# I hate mulch...



## Gibby (Apr 3, 2018)

I used to think I hated pine straw more than mulch.. At least those match sticks stayed in place and wouldn't float.

Replacing with rock. We did lava rock at our old house with fabric. No pre-em and maybe had 10 weeds each year. It has been 10 years at the other house (now a rental) and it still looks great, hasn't faded, stays put, and never had to add more.


----------



## high leverage (Jun 11, 2017)

Gibby said:


> I used to think I hated pine straw more than mulch.. At least those match sticks stayed in place and wouldn't float.
> 
> Replacing with rock. We did lava rock at our old house with fabric. No pre-em and maybe had 10 weeds each year. It has been 10 years at the other house (now a rental) and it still looks great, hasn't faded, stays put, and never had to add more.

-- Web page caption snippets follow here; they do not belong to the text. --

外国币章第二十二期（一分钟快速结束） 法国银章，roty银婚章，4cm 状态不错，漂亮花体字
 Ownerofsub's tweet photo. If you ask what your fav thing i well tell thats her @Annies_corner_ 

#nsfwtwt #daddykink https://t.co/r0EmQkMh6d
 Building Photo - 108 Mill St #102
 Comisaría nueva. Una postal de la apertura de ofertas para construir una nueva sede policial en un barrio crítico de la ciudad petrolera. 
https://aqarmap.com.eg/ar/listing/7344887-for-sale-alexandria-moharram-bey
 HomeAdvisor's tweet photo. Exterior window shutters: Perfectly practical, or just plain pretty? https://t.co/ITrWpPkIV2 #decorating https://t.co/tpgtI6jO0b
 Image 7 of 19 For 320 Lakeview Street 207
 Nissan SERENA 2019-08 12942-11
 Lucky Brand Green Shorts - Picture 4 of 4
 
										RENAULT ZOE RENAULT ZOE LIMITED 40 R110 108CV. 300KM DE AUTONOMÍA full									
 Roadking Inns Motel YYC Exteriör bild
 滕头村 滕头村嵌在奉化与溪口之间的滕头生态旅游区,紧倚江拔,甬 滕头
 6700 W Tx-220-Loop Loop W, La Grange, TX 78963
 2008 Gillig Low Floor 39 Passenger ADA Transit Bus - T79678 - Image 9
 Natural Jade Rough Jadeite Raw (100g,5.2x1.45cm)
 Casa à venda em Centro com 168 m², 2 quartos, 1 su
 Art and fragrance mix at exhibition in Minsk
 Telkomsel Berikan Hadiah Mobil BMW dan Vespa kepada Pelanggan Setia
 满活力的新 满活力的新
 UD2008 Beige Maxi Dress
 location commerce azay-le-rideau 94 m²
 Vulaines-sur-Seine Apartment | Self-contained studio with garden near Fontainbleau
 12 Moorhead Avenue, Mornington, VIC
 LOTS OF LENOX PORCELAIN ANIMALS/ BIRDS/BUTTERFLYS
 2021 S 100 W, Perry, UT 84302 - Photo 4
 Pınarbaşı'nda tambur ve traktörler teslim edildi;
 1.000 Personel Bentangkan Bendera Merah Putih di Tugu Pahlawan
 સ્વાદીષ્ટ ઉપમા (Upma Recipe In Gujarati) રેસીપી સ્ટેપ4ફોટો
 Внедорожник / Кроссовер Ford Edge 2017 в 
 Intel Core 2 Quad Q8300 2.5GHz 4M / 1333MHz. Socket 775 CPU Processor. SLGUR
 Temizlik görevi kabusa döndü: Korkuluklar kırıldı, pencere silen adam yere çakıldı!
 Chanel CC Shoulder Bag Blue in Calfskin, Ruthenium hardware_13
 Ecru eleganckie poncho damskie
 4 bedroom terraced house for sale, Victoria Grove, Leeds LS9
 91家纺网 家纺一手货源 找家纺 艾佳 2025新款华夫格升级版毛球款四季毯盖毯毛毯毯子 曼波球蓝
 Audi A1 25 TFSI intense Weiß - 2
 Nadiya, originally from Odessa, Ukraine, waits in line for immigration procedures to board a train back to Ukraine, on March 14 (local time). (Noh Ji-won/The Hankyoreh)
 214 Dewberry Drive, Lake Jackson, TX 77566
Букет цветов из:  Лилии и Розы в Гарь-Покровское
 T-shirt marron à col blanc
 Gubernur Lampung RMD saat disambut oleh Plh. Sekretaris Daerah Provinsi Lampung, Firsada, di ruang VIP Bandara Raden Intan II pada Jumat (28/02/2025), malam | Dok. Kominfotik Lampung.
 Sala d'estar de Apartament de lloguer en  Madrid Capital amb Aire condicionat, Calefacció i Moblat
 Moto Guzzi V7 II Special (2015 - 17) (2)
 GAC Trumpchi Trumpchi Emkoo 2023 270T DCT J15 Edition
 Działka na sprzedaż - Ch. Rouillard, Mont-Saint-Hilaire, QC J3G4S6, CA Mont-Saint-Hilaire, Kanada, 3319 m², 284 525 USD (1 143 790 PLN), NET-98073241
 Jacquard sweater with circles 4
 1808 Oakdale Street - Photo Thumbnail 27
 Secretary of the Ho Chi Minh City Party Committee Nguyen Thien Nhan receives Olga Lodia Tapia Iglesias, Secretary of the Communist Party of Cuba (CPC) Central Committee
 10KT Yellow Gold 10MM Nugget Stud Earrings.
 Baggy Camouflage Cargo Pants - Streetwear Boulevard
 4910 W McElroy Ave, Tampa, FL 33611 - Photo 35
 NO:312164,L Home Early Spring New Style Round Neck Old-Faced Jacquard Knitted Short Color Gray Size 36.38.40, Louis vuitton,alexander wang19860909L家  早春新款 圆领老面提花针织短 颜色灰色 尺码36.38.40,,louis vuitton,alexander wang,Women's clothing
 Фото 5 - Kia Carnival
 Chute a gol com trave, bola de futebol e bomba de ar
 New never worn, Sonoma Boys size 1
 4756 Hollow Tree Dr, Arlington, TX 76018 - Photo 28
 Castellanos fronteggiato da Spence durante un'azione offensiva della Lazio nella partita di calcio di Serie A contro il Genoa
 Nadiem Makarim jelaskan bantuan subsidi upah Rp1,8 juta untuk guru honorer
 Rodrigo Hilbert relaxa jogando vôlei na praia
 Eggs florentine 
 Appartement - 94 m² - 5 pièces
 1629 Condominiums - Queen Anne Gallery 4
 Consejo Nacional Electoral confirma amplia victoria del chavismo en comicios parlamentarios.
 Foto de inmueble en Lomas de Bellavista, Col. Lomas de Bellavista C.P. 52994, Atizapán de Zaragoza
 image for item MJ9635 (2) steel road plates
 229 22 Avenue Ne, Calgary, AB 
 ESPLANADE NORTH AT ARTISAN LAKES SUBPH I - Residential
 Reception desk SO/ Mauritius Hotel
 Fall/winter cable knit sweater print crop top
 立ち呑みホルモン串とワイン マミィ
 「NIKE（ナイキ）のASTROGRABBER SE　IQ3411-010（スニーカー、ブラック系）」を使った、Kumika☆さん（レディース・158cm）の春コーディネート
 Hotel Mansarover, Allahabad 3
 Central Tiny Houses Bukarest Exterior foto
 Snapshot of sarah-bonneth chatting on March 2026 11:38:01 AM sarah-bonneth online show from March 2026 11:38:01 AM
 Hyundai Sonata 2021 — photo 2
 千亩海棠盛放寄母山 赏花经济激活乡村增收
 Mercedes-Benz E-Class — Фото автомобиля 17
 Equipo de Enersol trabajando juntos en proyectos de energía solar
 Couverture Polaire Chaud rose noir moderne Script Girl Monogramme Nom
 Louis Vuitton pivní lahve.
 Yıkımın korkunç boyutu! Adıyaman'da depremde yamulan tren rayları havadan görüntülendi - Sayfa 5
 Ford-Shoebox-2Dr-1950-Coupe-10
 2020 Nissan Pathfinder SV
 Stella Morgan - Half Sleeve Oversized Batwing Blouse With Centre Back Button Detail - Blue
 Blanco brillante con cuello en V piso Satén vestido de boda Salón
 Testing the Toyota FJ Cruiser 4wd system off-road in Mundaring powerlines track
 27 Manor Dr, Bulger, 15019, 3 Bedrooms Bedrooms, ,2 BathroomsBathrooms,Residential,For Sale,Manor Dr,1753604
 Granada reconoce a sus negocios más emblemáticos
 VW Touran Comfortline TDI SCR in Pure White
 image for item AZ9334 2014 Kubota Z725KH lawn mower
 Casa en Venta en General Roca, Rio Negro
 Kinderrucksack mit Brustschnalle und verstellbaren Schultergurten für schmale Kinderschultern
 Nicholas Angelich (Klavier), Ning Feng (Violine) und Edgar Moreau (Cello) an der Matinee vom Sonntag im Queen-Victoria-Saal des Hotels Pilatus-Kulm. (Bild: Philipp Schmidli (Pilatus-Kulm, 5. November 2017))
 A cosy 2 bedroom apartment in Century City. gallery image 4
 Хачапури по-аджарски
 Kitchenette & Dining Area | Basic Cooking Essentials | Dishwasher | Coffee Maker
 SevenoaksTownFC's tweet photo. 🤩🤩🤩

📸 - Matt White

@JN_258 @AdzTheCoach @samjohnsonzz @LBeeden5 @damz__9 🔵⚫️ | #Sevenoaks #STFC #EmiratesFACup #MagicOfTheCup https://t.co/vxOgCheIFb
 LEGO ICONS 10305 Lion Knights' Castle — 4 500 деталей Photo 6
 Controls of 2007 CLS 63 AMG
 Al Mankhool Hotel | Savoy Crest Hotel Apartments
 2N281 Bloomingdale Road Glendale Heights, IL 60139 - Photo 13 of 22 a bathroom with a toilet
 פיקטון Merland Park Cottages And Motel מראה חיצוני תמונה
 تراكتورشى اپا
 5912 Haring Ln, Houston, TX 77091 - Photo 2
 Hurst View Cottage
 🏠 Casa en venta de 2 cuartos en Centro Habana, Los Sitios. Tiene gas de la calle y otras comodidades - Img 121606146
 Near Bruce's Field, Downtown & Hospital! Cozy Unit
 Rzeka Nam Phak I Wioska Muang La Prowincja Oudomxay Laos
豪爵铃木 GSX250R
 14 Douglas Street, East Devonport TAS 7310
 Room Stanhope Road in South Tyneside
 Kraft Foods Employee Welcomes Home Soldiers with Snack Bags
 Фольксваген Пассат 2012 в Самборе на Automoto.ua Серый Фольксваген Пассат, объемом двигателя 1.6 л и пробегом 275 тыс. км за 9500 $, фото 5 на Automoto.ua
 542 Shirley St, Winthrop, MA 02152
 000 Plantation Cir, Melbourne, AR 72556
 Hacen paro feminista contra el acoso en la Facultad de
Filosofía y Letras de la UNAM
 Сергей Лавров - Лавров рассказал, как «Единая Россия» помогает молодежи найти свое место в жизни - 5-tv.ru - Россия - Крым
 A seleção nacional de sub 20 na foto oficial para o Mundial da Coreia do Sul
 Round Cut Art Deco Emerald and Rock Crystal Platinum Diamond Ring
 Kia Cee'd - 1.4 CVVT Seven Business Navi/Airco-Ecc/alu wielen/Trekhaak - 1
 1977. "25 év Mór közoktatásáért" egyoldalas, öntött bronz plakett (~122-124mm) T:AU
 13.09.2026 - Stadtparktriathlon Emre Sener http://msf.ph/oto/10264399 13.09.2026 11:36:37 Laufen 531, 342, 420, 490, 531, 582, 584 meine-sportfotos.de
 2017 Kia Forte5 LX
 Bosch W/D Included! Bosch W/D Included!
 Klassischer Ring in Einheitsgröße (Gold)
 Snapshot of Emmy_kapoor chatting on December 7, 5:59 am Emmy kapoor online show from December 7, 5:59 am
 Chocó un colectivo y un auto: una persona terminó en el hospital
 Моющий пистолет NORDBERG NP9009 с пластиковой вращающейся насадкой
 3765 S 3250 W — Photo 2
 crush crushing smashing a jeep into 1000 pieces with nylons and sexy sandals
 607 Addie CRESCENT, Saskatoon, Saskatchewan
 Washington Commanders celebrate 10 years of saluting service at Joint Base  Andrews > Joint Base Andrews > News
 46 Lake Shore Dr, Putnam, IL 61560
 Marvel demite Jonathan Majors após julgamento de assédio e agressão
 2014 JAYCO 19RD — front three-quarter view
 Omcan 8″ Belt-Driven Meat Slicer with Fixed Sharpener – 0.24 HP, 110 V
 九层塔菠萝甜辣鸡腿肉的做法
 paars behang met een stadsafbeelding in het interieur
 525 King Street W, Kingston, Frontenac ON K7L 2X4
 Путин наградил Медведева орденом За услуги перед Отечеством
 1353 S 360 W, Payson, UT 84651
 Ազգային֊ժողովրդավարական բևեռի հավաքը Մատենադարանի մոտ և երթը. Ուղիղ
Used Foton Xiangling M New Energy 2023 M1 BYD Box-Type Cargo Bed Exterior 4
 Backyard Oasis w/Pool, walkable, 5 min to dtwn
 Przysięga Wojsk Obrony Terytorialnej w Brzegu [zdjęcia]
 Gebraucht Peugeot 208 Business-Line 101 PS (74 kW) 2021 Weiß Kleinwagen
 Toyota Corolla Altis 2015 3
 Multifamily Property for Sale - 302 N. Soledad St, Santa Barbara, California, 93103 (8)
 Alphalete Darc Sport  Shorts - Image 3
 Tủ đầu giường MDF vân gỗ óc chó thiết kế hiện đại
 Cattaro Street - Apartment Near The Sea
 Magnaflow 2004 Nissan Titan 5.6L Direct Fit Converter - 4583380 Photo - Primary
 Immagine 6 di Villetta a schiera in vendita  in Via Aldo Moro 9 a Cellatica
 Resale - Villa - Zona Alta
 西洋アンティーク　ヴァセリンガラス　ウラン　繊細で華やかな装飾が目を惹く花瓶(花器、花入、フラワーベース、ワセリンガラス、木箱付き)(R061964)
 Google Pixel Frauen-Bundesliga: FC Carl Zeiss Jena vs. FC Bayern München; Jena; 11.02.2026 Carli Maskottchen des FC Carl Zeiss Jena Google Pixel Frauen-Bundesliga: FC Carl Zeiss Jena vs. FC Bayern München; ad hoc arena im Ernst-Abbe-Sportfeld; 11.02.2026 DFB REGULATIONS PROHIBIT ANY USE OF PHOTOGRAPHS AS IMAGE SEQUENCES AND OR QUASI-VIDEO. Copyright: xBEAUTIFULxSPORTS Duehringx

That looks to be more of drainage problem. No gutters? Or downspout not properly located?


----------



## Gibby (Apr 3, 2018)

This just the run off from the driveway area, part of the front and one side yard.


----------



## outdoorsmen (Jul 23, 2018)

No high maintenance mulch for me. I rocked everything.


----------



## Ecks from Tex (Apr 26, 2018)

You have a drainage / water flow problem. Don't blame that poor mulch for all the world's problems, all it wanted to do was keep your beds weed free and moist.


----------



## Gibby (Apr 3, 2018)

Ecks from Tex said:


> You have a drainage / water flow problem. Don't blame that poor mulch for all the world's problems, all it wanted to do was keep your beds weed free and moist.


FTFY


----------



## Ecks from Tex (Apr 26, 2018)

Gibby said:


> Ecks from Tex said:
> 
> 
> > You have a drainage / water flow problem. Don't blame that poor mulch for all the world's problems, all it wanted to do was keep your beds weed free and moist.
> ...


Mulch has done nothing but give you all it's love, yet you spurn it at every corner. You're a monster :bandit:


----------



## Mr McTurf (Jun 21, 2018)

I personally am not a fan of the look of most rock (river rock, lava rock, limestone...) I like a more natural look, but I recognize that rock does have some advantages in certain situations like foundation beds.

I bought my house a couple years ago and it has limestone. I plan to replace it with cocoa or brown rock. Has the benefit of rock, but looks a little more natural like mulch at least from a distance.

Like this:


----------



## TheTurfTamer (Aug 8, 2018)

Gibby said:


> I used to think I hated pine straw more than mulch.. At least those match sticks stayed in place and wouldn't float.
> 
> Replacing with rock. We did lava rock at our old house with fabric. No pre-em and maybe had 10 weeds each year. It has been 10 years at the other house (now a rental) and it still looks great, hasn't faded, stays put, and never had to add more.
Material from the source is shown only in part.